Monsieur le président, madame la secrétaire d’État, mes chers collègues, cet amendement vise à mettre en cohérence les articles 3 et 6 de cette proposition de loi, après l’adoption, en juillet dernier, par la commission spéciale de la rédaction de ce nouvel article L. 316-1-1 du code de l’entrée et du séjour des étrangers et du droit d’asile, le CESEDA.

En effet, la commission spéciale avait introduit l’automaticité de la délivrance d’une autorisation provisoire de séjour pour les étrangers victimes de la traite des êtres humains ou du proxénétisme, et porté la durée de cette autorisation de séjour à un an, contre six mois, modifications que notre groupe avait soutenues.

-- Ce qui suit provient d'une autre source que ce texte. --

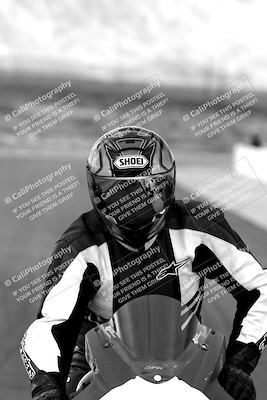 media/Mar-28-2022-Superbike Trackdays (Mon) [[b8603d0f67]]/Around the Pits/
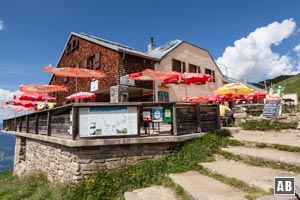 Die Karl-von-Edel-Hütte - Stützpunkt bei der Besteigung der Ahornspitze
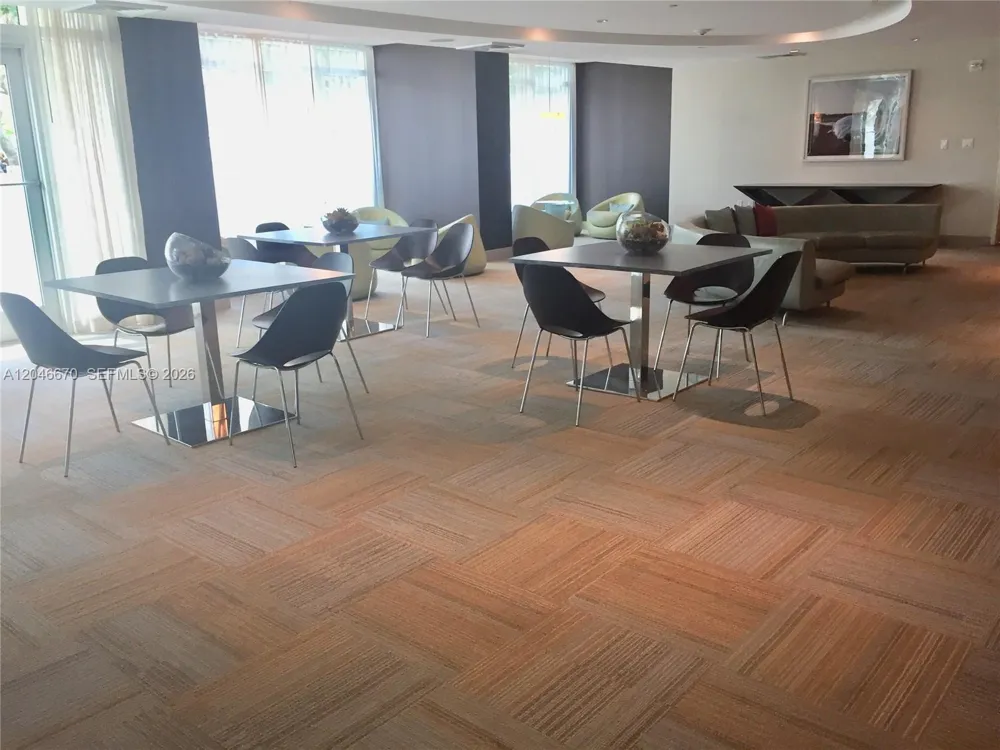 951 Brickell Ave #1909 Miami, FL 33131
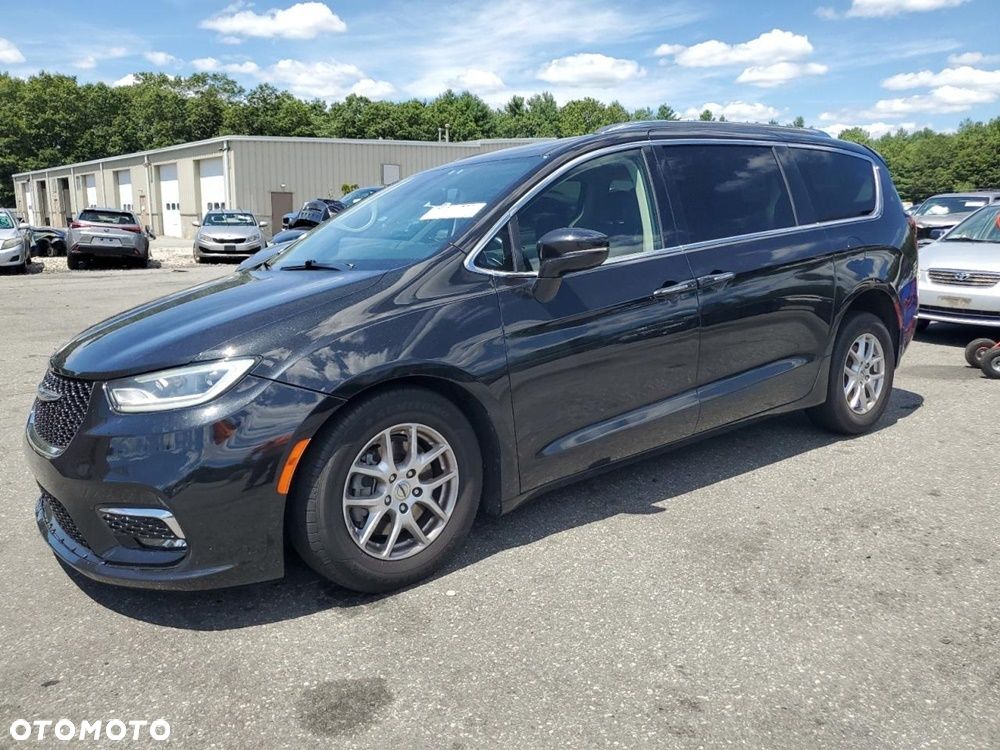 Chrysler Pacifica - 2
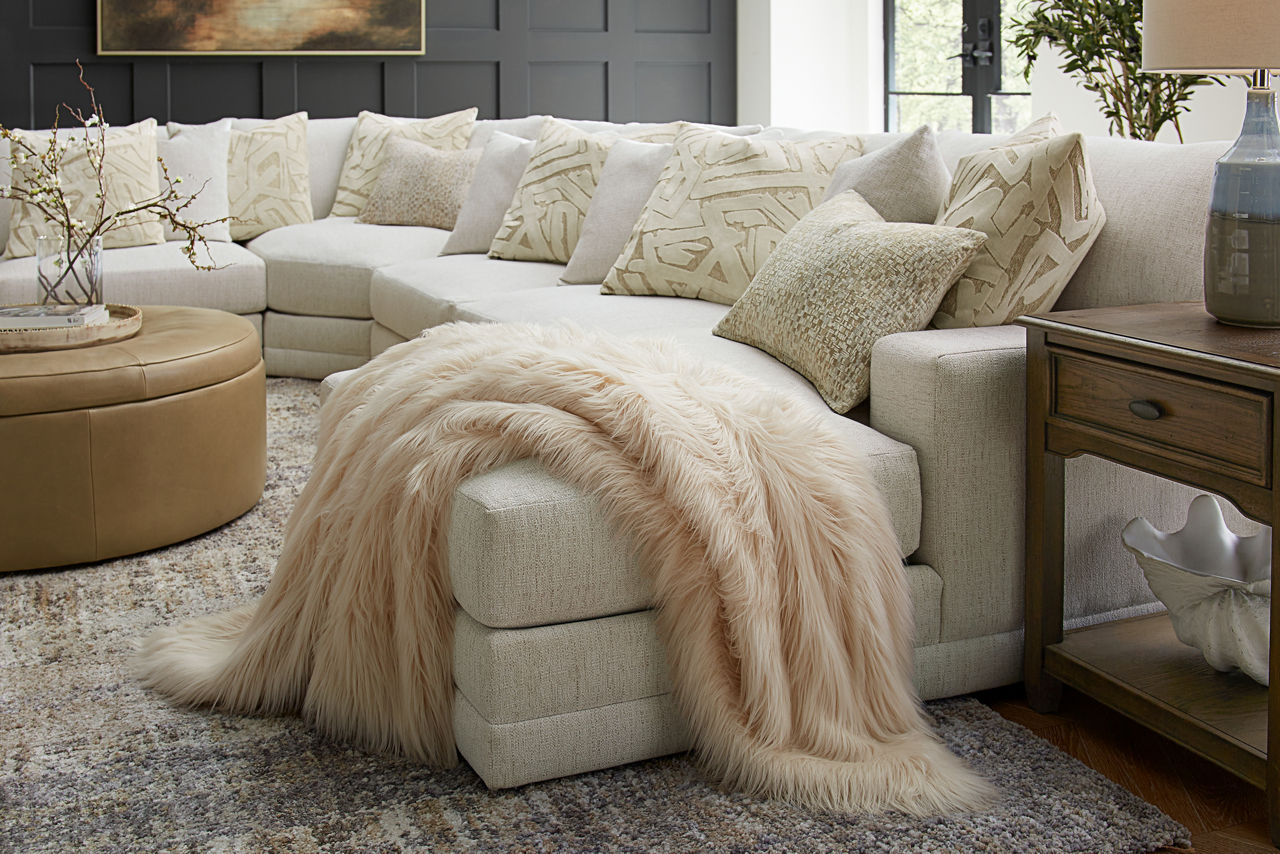 Audrey Sectional - Thumbnail 5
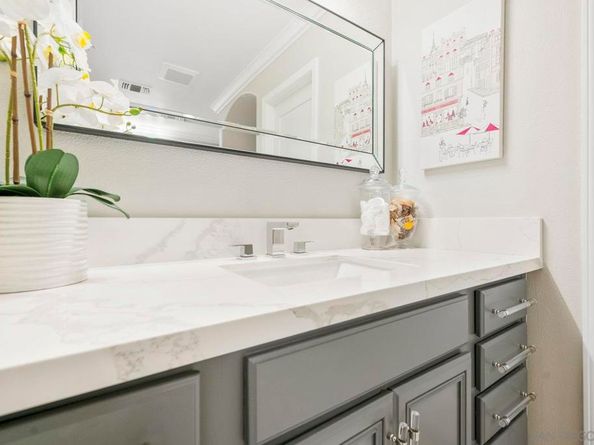 6467 Alexandri Cir, Carlsbad CA 92011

En cohérence, nous proposons que cette automaticité soit introduite à l’alinéa 7 de l’article 3.

Il serait en effet tout à fait incompréhensible que subsistent dans la proposition de loi deux rédactions différentes, et donc deux interprétations différentes, pour la délivrance d’une autorisation provisoire de séjour aux personnes étrangères victimes de traite ou de proxénétisme.

Ce point est tout à fait primordial, car nous connaissons très bien les difficultés extrêmes, pour ne pas dire plus, que rencontrent déjà ces victimes pour faire valoir leurs droits à bénéficier des dispositions prévues à l’article L. 361-1 du CESEDA.

Ces dispositions sont très strictement encadrées. Les titres ne sont en effet que très rarement délivrés par les préfectures aux victimes de la traite ou du proxénétisme qui portent plainte et dénoncent les auteurs de ces infractions.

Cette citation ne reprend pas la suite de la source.